An international team of scientists from Australia, Japan and the United States has produced the prototype, based on a design 10 years in the making.

Quantum computers promise fast solutions to hard problems, but they need a large number of quantum components and must be relatively error free.

Current quantum processors are small and prone to errors. The new design provides an alternative solution, using light, to reach the scale needed to eventually outperform classical computers.

The new research, published in Science, produced a quantum processor made of laser light that has built-in scalability, allowing the number of quantum components to scale to extreme numbers.

The entanglement structure of a large-scale quantum processor made of light
The entanglement structure of a large-scale quantum processor made of light. Credit: Shota Yokoyama 2019

Lead researcher Dr Nicolas Menicucci is a Vice-Chancellor's Senior Research Fellow and Chief Investigator at the RMIT node of the ARC Centre of Excellence for Quantum Computation and Communication Technology (CQC2T).

“While today’s quantum processors are impressive, it isn’t clear if the current designs can be scaled up to extremely large sizes,” Menicucci said.

 “Our approach starts with extreme scalability – built in from the very beginning – because the processor, called a ‘cluster state’, is made out of light.” 

Using light as a quantum processor

A cluster state is a large collection of entangled quantum components that performs quantum computations when measured in a particular way.

 “To be useful for real-world problems, a cluster state must be both large enough and have the right entanglement structure,” Menicucci said.

“In the two decades since they were proposed, all previous demonstrations of cluster states have failed on one or both of these counts. Ours is the first ever to succeed at both.”

To make the cluster state, specially-designed crystals convert ordinary laser light into a type of quantum light called “squeezed light”, which is then weaved into a cluster state by a network of mirrors, beamsplitters and optical fibres.

The design allows for a relatively small experiment to generate an immense two-dimensional cluster state with scalability built in. 

Although the levels of squeezing – a measure of quality – are currently too low for solving practical problems, the design is compatible with approaches to achieve state-of-the-art squeezing levels.

The team says their achievement opens up new possibilities for quantum computing with light.

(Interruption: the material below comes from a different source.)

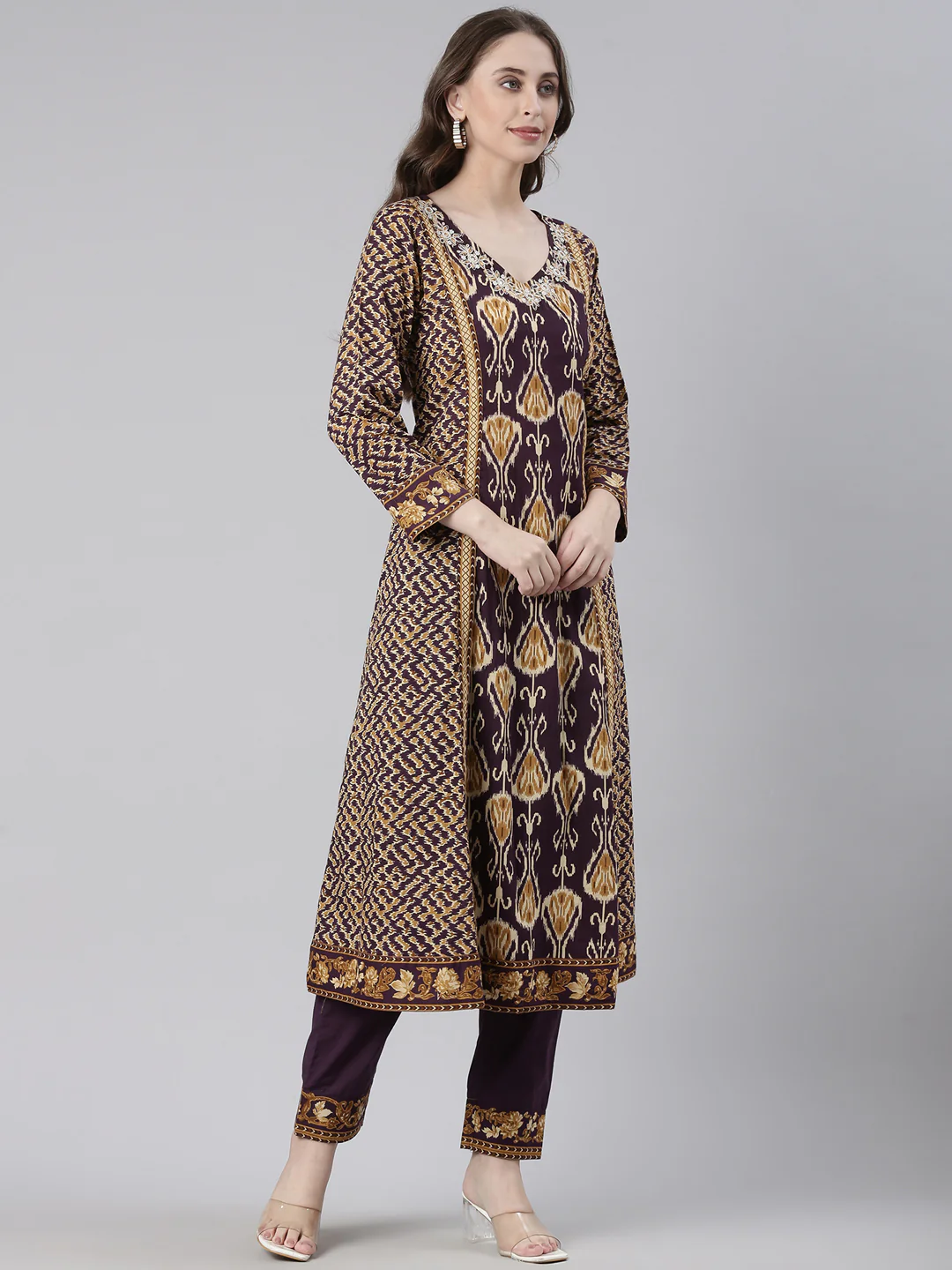 Neerus Purple Printed Straight Kurta and Trousers With Dupatta - Image 2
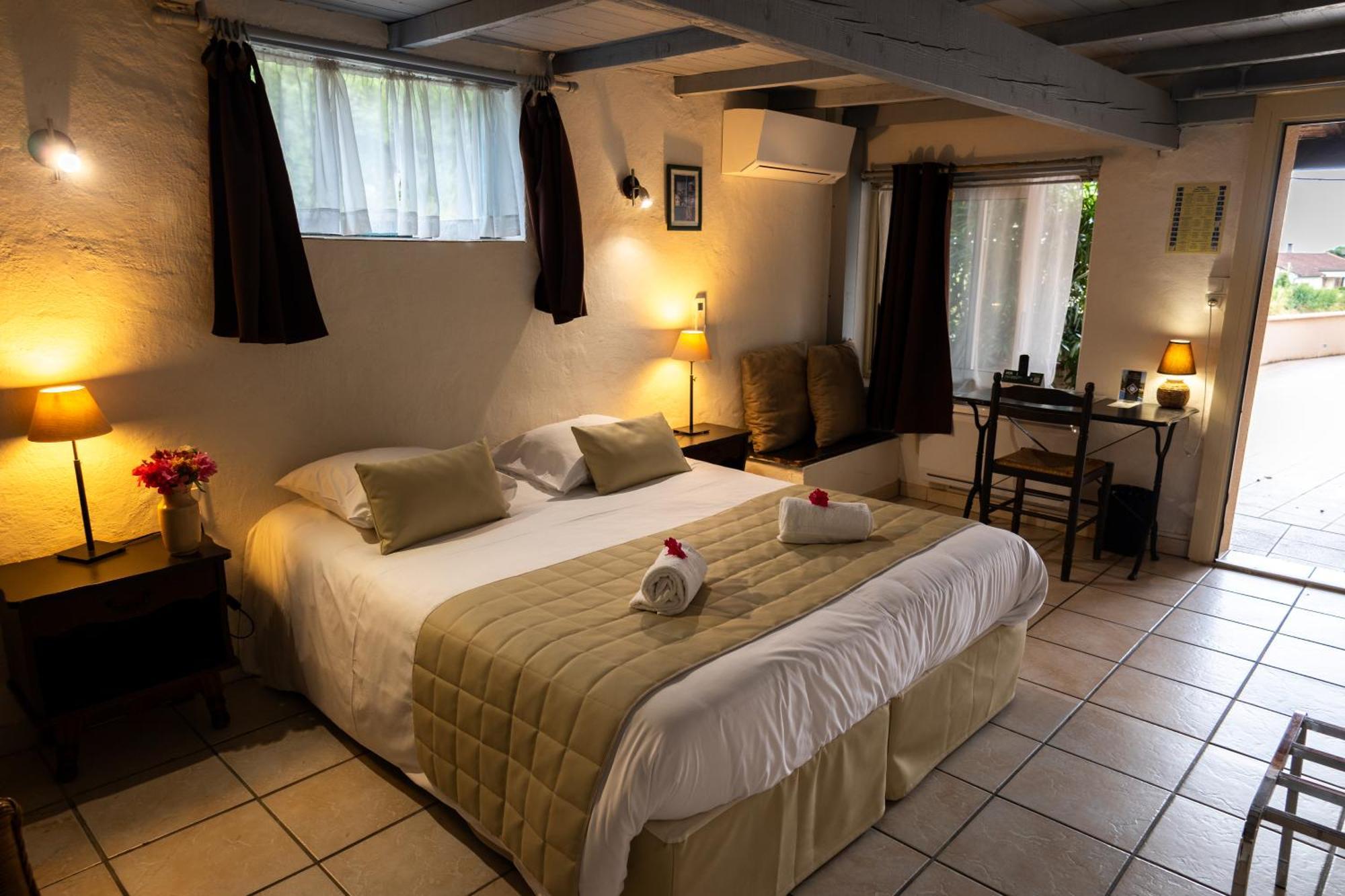 Logis Des Cretes De Pignols Hotel Moissac Exterior photo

Dr Hidehiro Yonezawa, Chief Investigator, CQC2T at UNSW Canberra, said the researchers had -  for the first time in any system - made a large-scale cluster state whose structure enables “universal quantum computation”.

“Our experiment demonstrates that this design is feasible - and scalable.”

The experiment was an international effort, with the design developed through collaboration by Menicucci, Dr Rafael Alexander from the University of New Mexico and UNSW Canberra researchers Yonezawa and Dr Shota Yokoyama. A team of experimentalists at the University of Tokyo, led by Professor Akira Furusawa, performed the groundbreaking experiment.

Generation of time-domain-multiplexed two-dimensional cluster state is published today in Science (DOI: 10.1126/science.aay2645).